I have a question about combinatorics.
I have the following set:
$$M = \{ 1,2,…,n \}$$
How many disjoint subsets
$$A\subseteq M, \quad |A| = 2$$
are there? For the future, how do I approach questions like these?
Thanks in advance for your help
EDIT:
$n$ is even. I want to know how many ways there are to split $M$ into disjoint subsets of size $2$. If this is any help, I am trying to figure out how many permutations in $S_n$ exist, that are involutions as well as derangements. For $n$ odd there are none, that's what I've shown so far. For $n$ even, I can write the permutation in brackets of size two (I don't know how you call this way of writing a permutation down).

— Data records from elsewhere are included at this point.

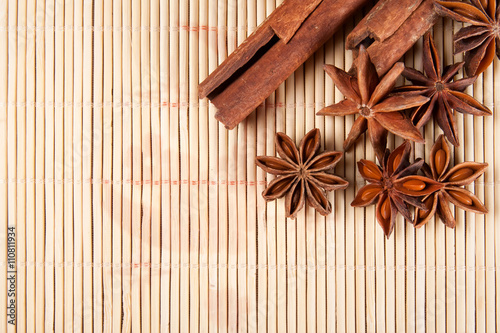 Dried star anise and cinnamon sticks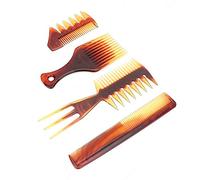 Qukaim Pettine portatile da uomo, a denti larghi, con manico lungo, colore ambra, ideale per tutti i tipi di capelli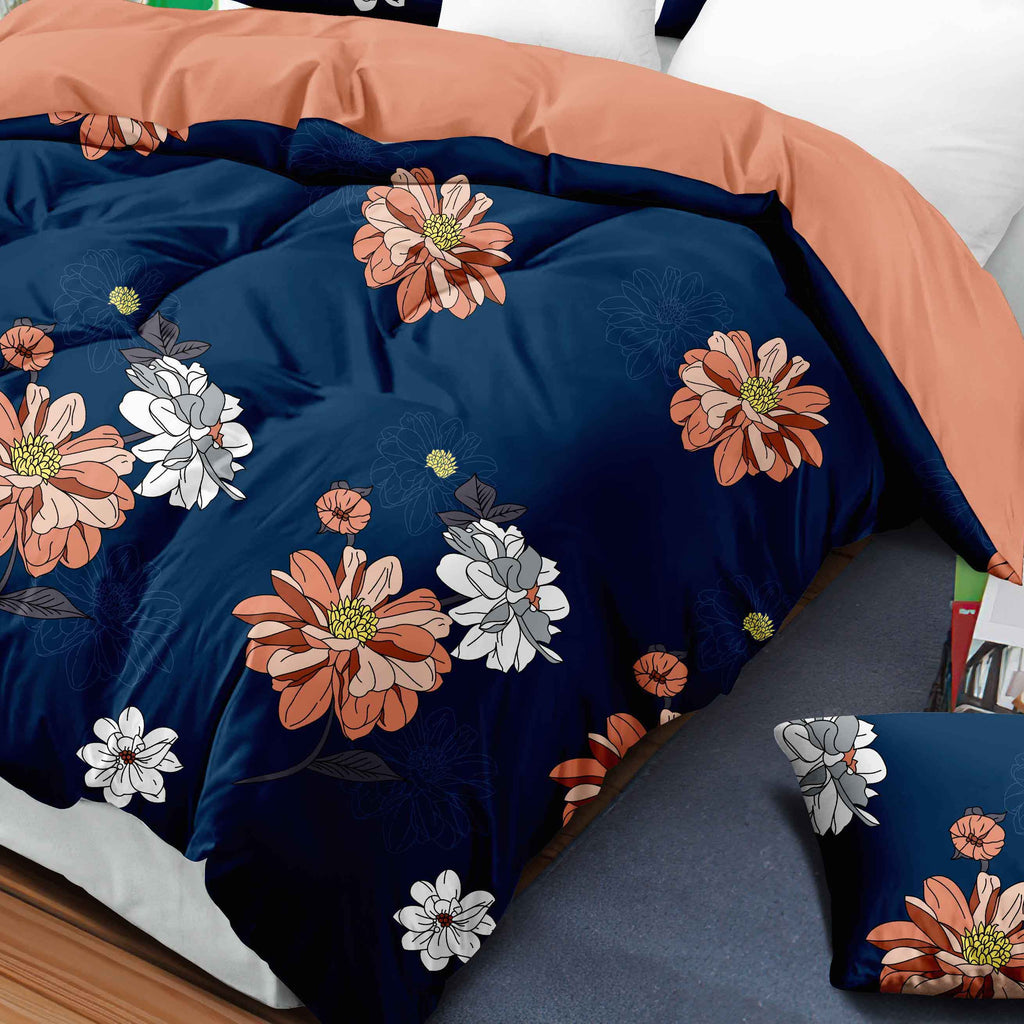 Couche de lit et rideau 9 piece bleu profond et rouge Floral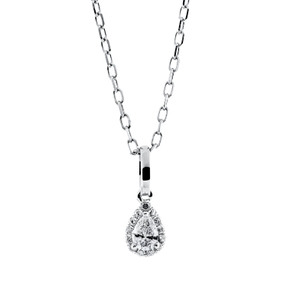 Collier Tropfen aus 750 Gold Weißgold 14 Diamanten 0,14ct L:45,7cm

The order of the sets do not matter.
Best Answer
Let $A_n$ be the number of ways of partitioning an $n$-element set $M$ into $2$-element subsets. Pick $x \in M$. There are $n - 1$ choices for the element that is going to belong to the same partition as $x$, and then the remaining $n - 2$ elements can be partitioned into $2$-element subsets in $A_{n - 2}$ ways. Clearly $A_1 = 0$ and $A_2 = 1$, so we have:
\begin{align} A_n &= (n - 1)A_{n-2}\\ A_2 &= 1\\ A_1 &= 0 \end{align}
Hence $A_n = 0$ for odd $n$ and for even $n$ we have:
$$ A_{n} = 1 \cdot 3 \cdot \ldots \cdot n -1. $$